**Description of the task**. Write out, word for word and with no pictures, each line below from the one containing "Big Pilot IW5026-07" through the one containing "Aged to Perfection", both included, and no other line.
:: Data for this task ::
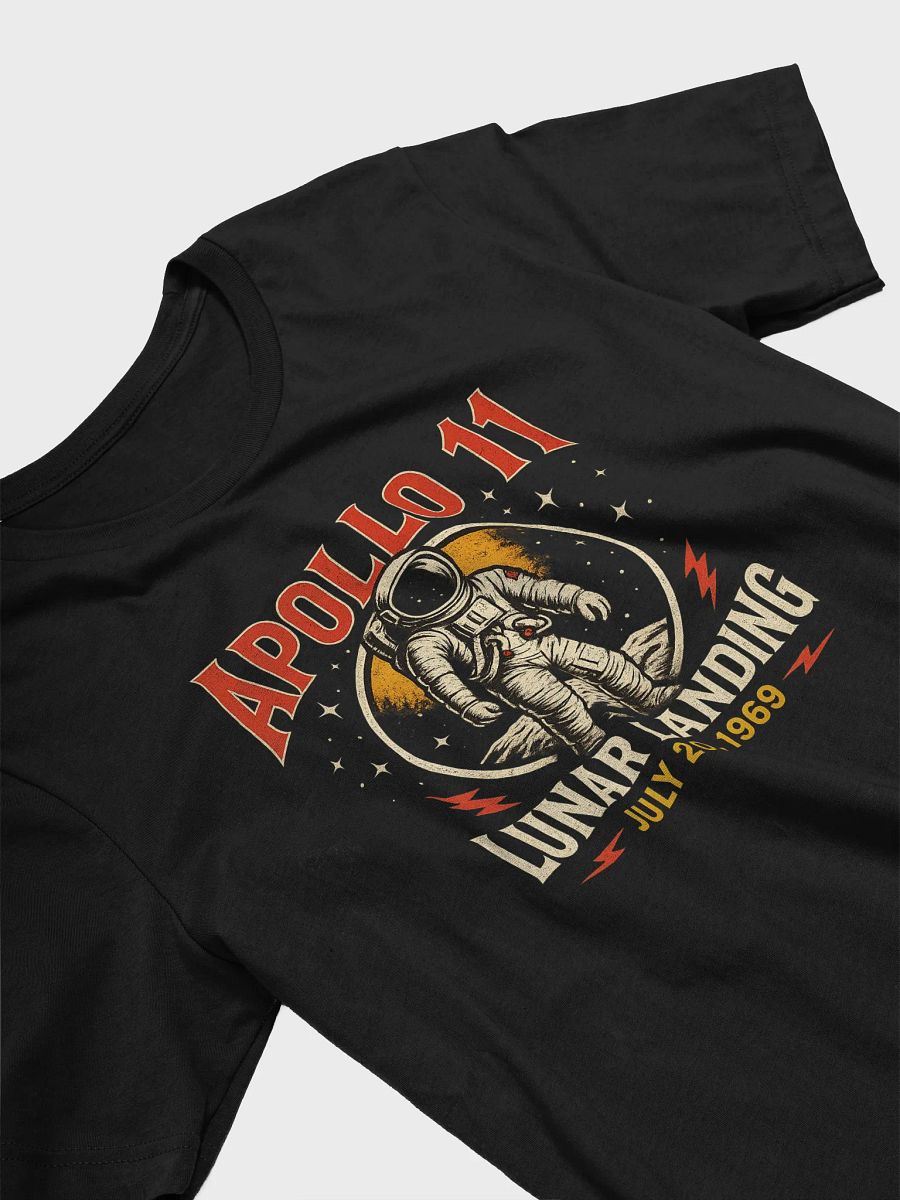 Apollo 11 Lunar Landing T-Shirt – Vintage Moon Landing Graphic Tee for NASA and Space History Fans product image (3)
:::
:: Data for this task ::
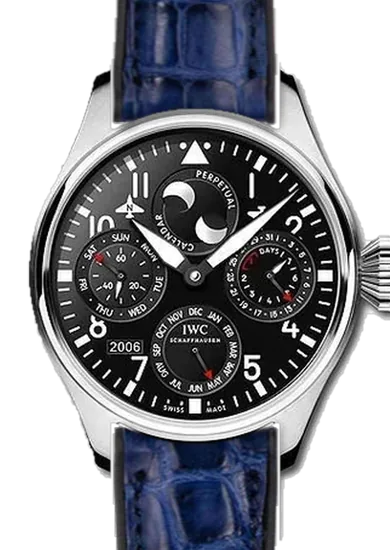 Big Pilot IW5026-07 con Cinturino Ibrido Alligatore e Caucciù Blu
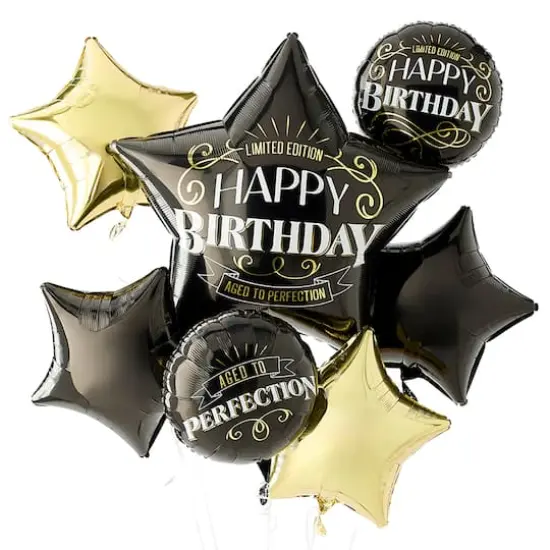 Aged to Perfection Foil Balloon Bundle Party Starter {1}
:::
**Exercise solution**.
 Big Pilot IW5026-07 con Cinturino Ibrido Alligatore e Caucciù Blu
 Aged to Perfection Foil Balloon Bundle Party Starter {1}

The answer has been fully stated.